Why?
I wanted to compare the differences in body types between sports, so that people might be able to find sports that better suit their body types. For this reason, I looked for a dataset that had data about athletes’ bodies and what sport they played.
The dataset I used met my requirements because it has data about BMI, height, sex, and sport played of multiple athletes. It also has other useful biometric data, like lean body mass and body fat percentage.
Initial Analysis
For a first pass of analysis, I created a scatterplot of the average heights and BMIs of each sport. I grouped the data by sport and sex of the athlete to distinguish male and female sports.
I grouped by sport and sex rather than just sport due to sports that only had athletes of one sex (Gym and Netball for female, Water Polo for male).
#Import dataset and packages
df <- read.csv("ais.csv")
library("dplyr")
library("ggplot2")
#Data cleaning
head(df) #Just a quick check of the structure of the data
sum(is.na(df)) #This dataset has no NAs
#Data prep
df_by_sport <- df %>% group_by(sport, sex) %>% summarise(bmi = mean(bmi), height = mean(ht))
df_by_sport$sport_name <- paste(df_by_sport$sport,df_by_sport$sex,sep="_")
#Data visualization
ggplot(df_by_sport, aes(x=bmi, y=height, color = sex)) + geom_point()
Code Output
> sum(is.na(df)) #This dataset has no NAs
[1] 0

Data Exploration
Diet and exercise can change someone’s fat and muscle, but not their skeleton. Because of that, I wanted to explore the different variables I had to find the best estimate I could find for someone’s skeleton. Height gives the length of the skeleton, but I needed something for the width of the skeleton.
#Factors to explore: height, weight, bmi, percent body fat, lean body mass, sex, sport
#End goal is to see which sports fit are most common for each frame (skeletal height and width)
#ht (height) gives skeletal height, but I need an estimate for skeletal width
#factors I'll consider are weight, bmi, percent body fat, and lean body mass
cor(df$ht, df$wt)
cor(df$ht, df$bmi)
cor(df$ht, df$pcBfat)
cor(df$ht, df$lbm)
Code Output
> cor(df$ht, df$wt)
[1] 0.7809321
> cor(df$ht, df$bmi)
[1] 0.3370972
> cor(df$ht, df$pcBfat)
[1] -0.1880217
> cor(df$ht, df$lbm)
[1] 0.8021192
Data Cleaning
For my skeletal frame width estimate, I decided to go with an adjusted version of BMI that excludes body fat. This isn’t a perfect estimate, as it still includes muscle mass, but it should still bring me closer to my target.

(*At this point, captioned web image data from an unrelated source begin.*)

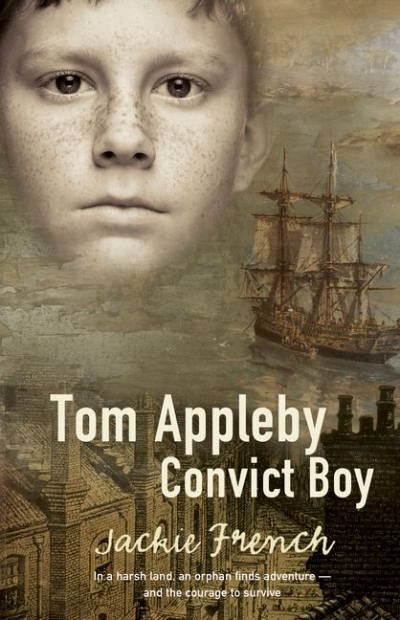 Margaret MacNabb reviews ‘Tom Appleby, Convict Boy’ by Jackie French, ‘Stoker’s Bay’ by Peter Jeans and ‘Ichabod Hart and the Lighthouse Mystery’ by James Roy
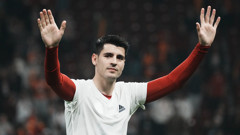 Alvaro Morata, Suudi Arabistan yolcusu! Al-Qadsiah talip oldu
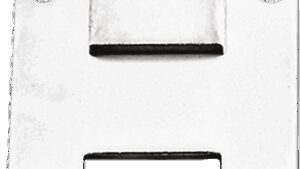 PAUGHCO Plate - 5/4 Speed Conversion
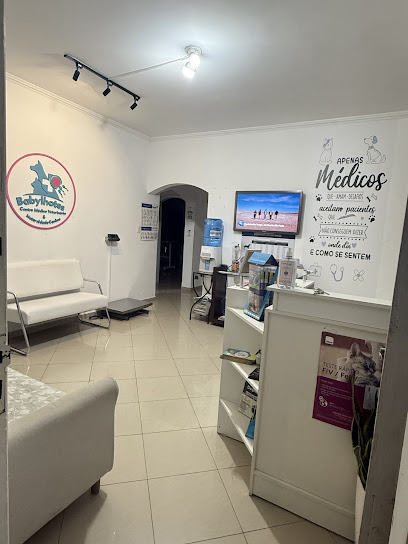 Babylhotes Centro Médico Veterinário e Maternidade em Guarulhos - SP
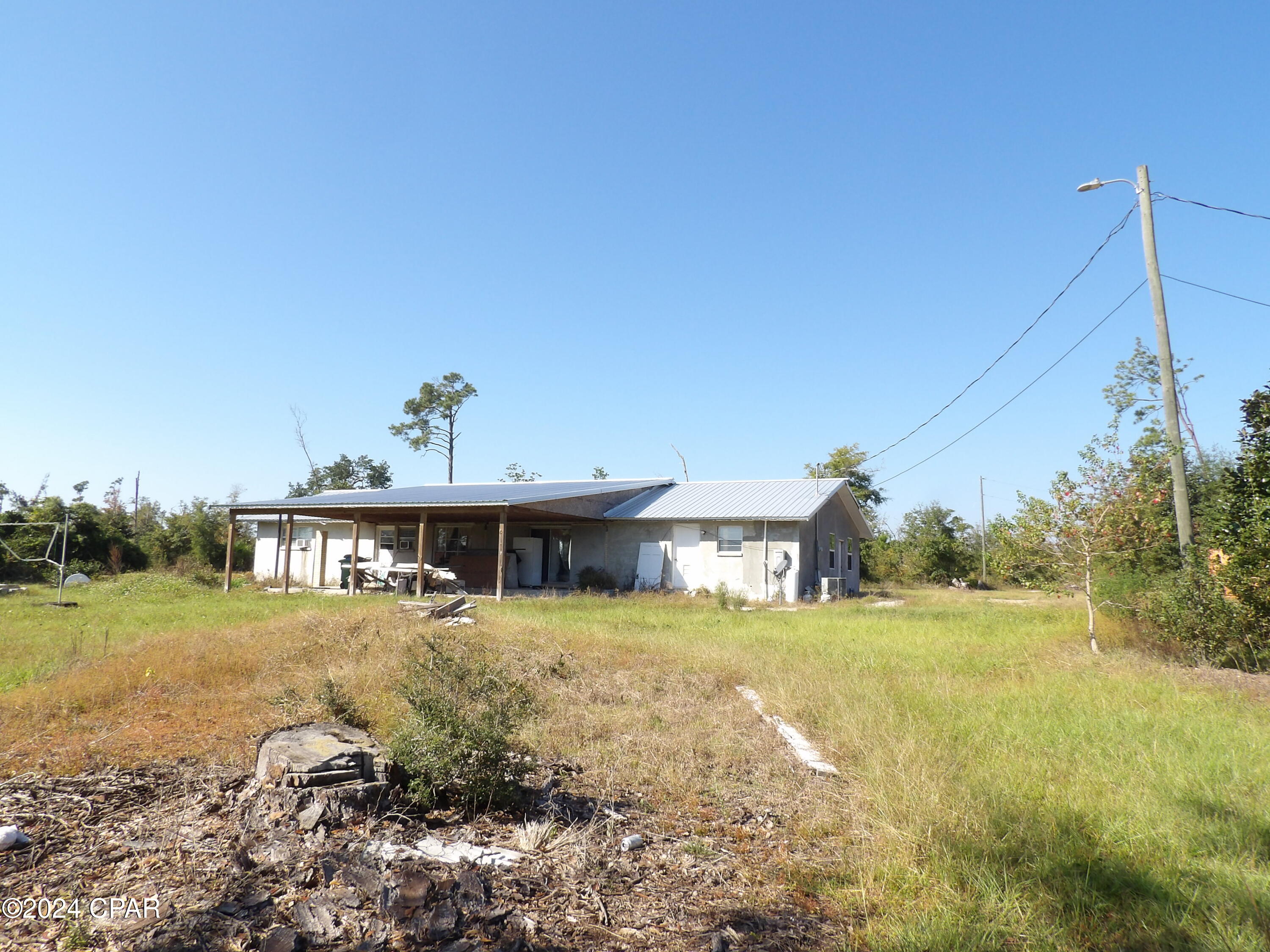 No Named Subdivision - Land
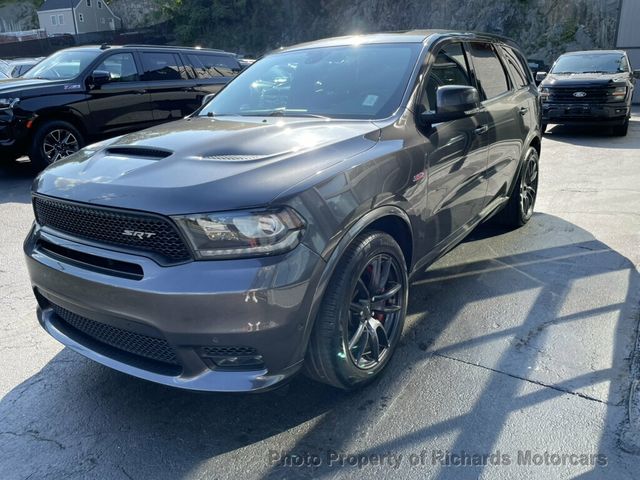 2019 Dodge Durango SRT AWD - 23063493 - 4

#I think that trying to get the bmi of lean body mass alone is the best way to estimate skeletal width
#Two equations could potentially give this: bmi * (1-pcBfat), lmb/ht^2
df_mutated <- df %>% mutate(lbm_ht = lbm/(ht^2)) %>% mutate(bmi_pcBfat = bmi * (1-(pcBfat/100)))
cor(df_mutated$ht, df_mutated$bmi_pcBfat)

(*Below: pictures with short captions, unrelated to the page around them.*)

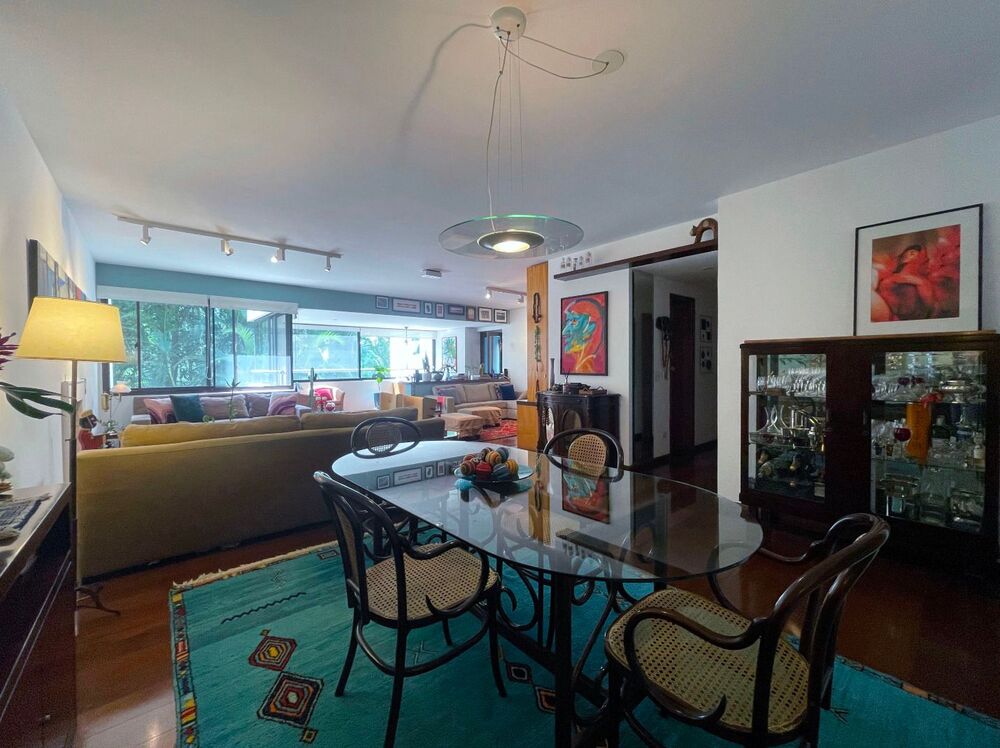 Apartamento, 3 quartos, 185 m² - Foto 1
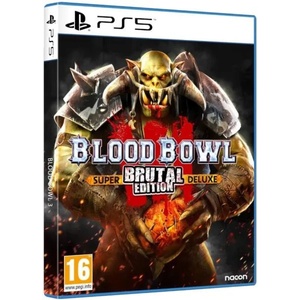 NACON Blood Bowl III [Super Brutal Deluxe Edition] (PS5)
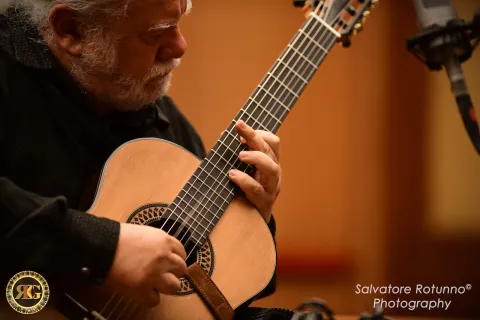 Eduardo Isaac concert 11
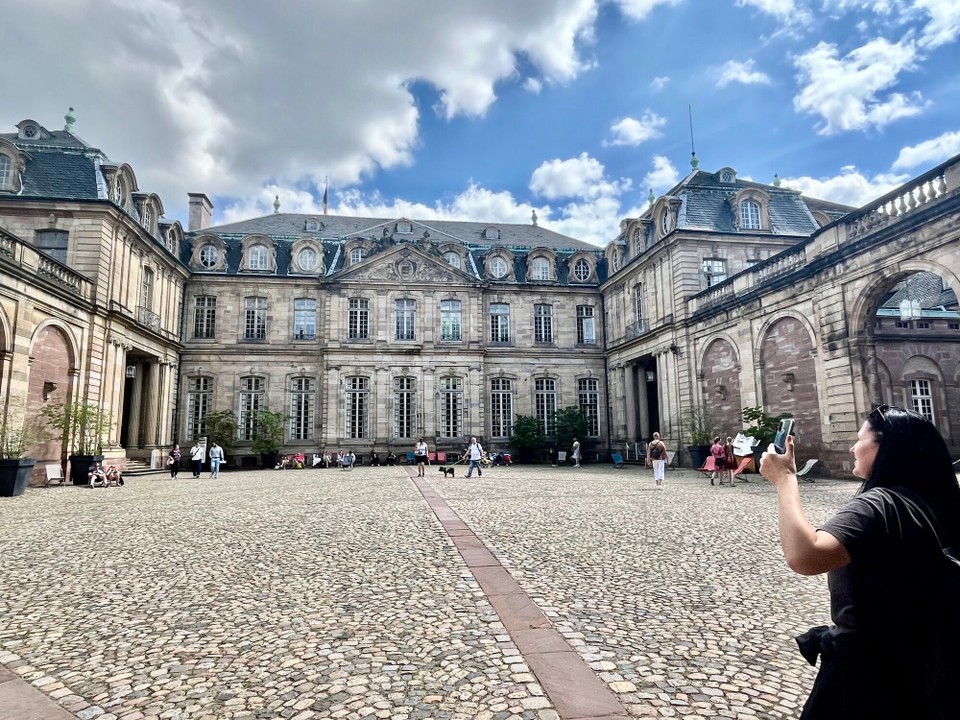 Frankreich - Straßburg -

cor(df_mutated$ht, df_mutated$lbm_ht)
ggplot(df_mutated, aes(x=lbm_ht, y=ht, color = sex)) +
geom_point()
ggplot(df_mutated, aes(x=bmi_pcBfat, y=ht, color = sex)) +
geom_point()
Code Output
> cor(df_mutated$ht, df_mutated$bmi_pcBfat)
[1] 0.4341629
> cor(df_mutated$ht, df_mutated$lbm_ht)
[1] 0.4352574


Further Data Processing and Visualization
Given that both equations were trying to find the same thing, they should end up producing the same scatterplot, and they do. Because I have no reason to prioritize one output over the other, I decided to average the two for my final analysis.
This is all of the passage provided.